*EXERCISE PROMPT*: Every line that contains the word "Trendy" should be copied from the records below.

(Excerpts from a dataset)

*-*-*

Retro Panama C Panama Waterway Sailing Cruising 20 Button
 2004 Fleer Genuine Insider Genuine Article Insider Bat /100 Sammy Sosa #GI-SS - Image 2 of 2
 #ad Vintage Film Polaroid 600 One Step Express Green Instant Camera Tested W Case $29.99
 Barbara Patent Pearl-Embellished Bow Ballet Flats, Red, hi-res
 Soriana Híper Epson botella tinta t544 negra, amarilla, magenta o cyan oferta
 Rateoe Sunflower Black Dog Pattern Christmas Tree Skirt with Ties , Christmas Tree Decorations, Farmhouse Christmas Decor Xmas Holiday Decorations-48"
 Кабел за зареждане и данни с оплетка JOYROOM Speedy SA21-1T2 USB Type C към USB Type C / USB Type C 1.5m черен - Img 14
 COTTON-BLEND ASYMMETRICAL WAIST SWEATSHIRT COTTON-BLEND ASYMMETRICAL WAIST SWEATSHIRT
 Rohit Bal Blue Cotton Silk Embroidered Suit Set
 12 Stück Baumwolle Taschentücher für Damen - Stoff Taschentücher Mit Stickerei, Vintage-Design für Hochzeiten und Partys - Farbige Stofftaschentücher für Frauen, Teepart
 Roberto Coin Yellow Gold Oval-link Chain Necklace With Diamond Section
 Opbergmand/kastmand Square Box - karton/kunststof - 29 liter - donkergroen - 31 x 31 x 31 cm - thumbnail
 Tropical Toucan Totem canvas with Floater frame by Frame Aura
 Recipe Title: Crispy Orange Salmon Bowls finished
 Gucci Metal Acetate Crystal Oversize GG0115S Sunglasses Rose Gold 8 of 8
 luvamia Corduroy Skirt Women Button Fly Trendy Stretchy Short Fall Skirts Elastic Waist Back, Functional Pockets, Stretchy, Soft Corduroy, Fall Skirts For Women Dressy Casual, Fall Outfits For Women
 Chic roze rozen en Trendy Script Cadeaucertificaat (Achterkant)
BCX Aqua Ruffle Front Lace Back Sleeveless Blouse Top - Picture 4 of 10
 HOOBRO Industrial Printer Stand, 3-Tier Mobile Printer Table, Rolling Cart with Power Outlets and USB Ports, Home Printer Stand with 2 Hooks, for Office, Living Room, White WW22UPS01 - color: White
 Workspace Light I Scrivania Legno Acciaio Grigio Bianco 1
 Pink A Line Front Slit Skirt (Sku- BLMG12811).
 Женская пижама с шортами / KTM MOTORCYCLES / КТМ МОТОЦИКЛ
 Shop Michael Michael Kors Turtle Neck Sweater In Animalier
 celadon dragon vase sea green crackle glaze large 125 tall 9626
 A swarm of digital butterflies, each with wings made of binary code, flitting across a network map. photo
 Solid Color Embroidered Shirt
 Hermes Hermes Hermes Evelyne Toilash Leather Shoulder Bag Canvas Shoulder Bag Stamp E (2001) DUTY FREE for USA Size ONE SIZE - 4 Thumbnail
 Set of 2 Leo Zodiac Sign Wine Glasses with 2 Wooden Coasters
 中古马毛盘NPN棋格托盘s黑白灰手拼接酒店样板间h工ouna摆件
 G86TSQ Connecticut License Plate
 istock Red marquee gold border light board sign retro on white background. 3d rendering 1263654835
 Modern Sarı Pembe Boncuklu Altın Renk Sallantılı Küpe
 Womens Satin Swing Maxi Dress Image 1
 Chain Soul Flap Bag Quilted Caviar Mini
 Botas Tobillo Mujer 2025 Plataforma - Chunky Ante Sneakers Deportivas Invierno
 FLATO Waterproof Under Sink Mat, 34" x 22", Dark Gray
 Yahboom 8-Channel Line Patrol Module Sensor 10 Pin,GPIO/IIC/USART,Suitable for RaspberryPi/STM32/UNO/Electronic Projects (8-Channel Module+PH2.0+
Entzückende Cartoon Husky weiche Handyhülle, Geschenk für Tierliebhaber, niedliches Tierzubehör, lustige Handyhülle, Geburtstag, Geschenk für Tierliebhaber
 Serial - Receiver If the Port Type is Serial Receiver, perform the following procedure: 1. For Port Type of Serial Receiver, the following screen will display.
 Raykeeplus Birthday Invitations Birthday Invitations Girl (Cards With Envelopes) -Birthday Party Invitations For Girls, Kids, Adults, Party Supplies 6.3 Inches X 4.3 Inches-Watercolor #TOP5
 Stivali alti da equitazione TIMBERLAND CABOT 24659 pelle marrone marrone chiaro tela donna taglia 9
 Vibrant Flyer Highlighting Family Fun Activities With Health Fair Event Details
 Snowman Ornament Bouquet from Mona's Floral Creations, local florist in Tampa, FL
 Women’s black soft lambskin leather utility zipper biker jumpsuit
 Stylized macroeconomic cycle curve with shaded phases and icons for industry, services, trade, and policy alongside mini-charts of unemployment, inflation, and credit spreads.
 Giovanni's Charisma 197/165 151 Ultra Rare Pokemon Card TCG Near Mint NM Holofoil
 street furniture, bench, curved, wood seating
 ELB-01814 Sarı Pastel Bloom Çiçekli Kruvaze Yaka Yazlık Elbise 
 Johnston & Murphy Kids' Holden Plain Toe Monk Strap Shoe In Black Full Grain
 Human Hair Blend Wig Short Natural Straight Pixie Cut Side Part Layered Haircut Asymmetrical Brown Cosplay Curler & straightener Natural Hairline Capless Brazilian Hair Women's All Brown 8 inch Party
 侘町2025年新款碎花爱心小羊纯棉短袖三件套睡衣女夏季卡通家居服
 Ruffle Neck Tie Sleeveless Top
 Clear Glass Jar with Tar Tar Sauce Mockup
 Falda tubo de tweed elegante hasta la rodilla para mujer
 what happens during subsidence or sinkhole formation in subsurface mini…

*-*-*

*ANSWER FOR THIS EXERCISE*:
 luvamia Corduroy Skirt Women Button Fly Trendy Stretchy Short Fall Skirts Elastic Waist Back, Functional Pockets, Stretchy, Soft Corduroy, Fall Skirts For Women Dressy Casual, Fall Outfits For Women
 Chic roze rozen en Trendy Script Cadeaucertificaat (Achterkant)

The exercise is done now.